Activity
What are the lines below, starting at the line containing "Tool & Supply" and ending at the line containing "Холщовая сумка-тоут с"? Write them out exactly, ends included, without pictures.

Input
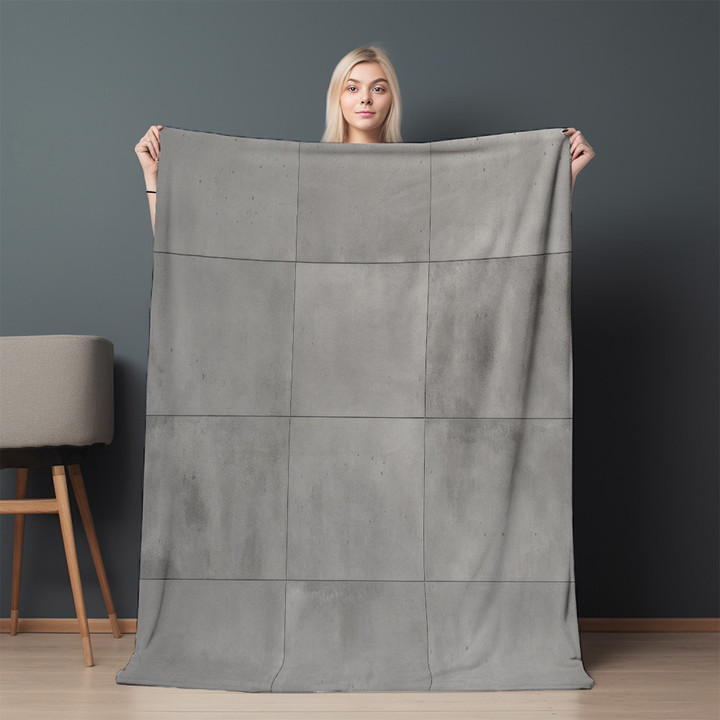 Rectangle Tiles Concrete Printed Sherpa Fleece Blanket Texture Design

* * *

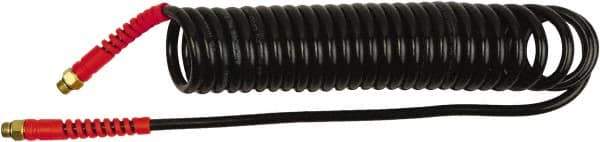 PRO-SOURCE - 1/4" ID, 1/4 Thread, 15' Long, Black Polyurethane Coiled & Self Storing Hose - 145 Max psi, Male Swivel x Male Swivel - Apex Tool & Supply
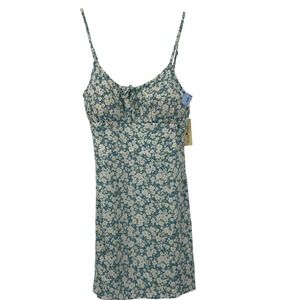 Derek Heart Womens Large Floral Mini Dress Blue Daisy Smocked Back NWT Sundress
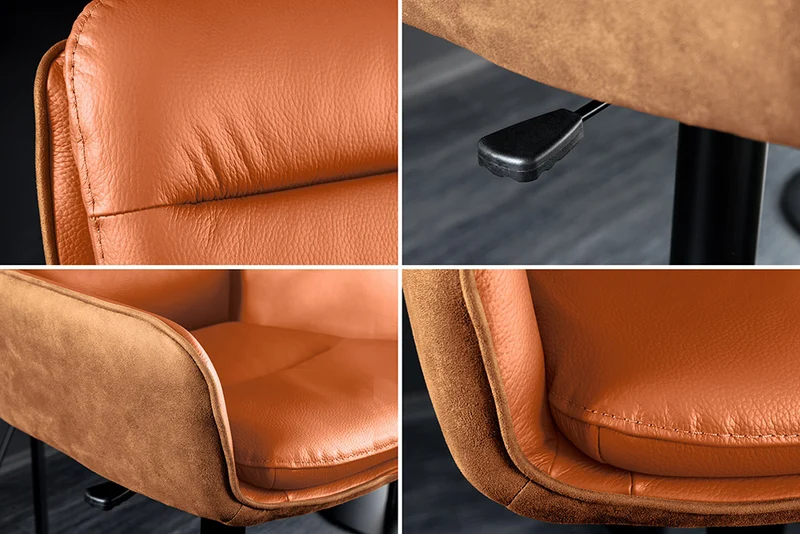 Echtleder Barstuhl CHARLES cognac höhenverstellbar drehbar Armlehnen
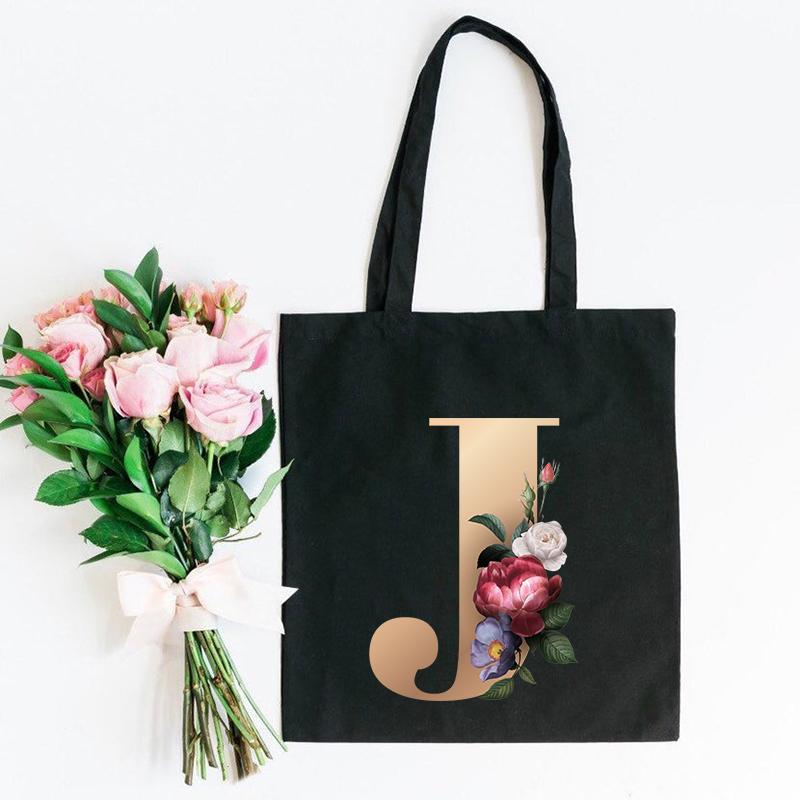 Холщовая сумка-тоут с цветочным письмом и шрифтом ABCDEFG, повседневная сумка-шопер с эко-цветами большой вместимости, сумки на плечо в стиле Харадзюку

Response below
 PRO-SOURCE - 1/4" ID, 1/4 Thread, 15' Long, Black Polyurethane Coiled & Self Storing Hose - 145 Max psi, Male Swivel x Male Swivel - Apex Tool & Supply
 Derek Heart Womens Large Floral Mini Dress Blue Daisy Smocked Back NWT Sundress
 Echtleder Barstuhl CHARLES cognac höhenverstellbar drehbar Armlehnen
 Холщовая сумка-тоут с цветочным письмом и шрифтом ABCDEFG, повседневная сумка-шопер с эко-цветами большой вместимости, сумки на плечо в стиле Харадзюку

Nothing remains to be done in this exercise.